Work instruction: Below are records with pictures in them. Output exactly the lines from the one with "Award recipients gathered" through the one with "Book titled 'Emily", both included, and leave every picture out; give only those lines.

Provided records:
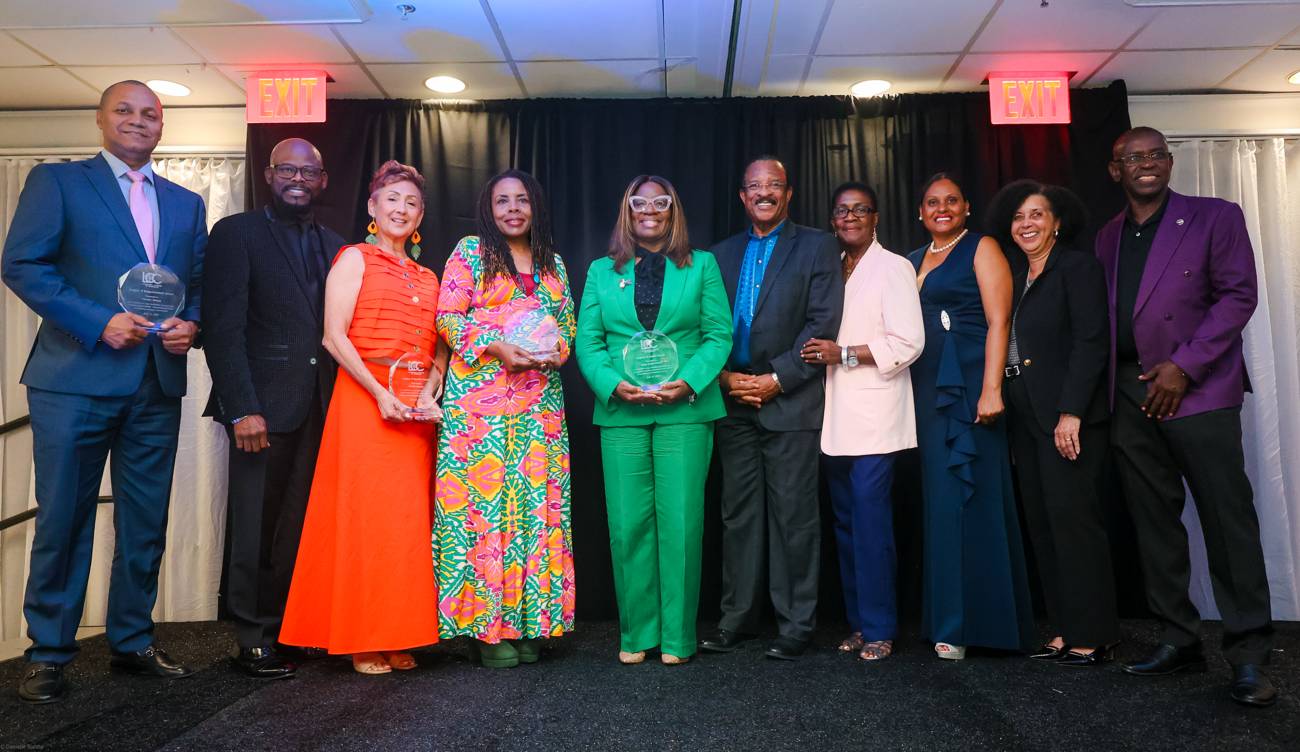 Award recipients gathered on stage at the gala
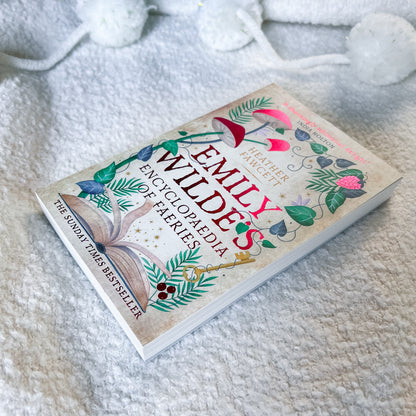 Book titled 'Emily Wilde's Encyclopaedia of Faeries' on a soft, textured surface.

==

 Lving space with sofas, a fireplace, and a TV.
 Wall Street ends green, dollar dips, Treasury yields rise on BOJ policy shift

Solution:
 Award recipients gathered on stage at the gala
 Book titled 'Emily Wilde's Encyclopaedia of Faeries' on a soft, textured surface.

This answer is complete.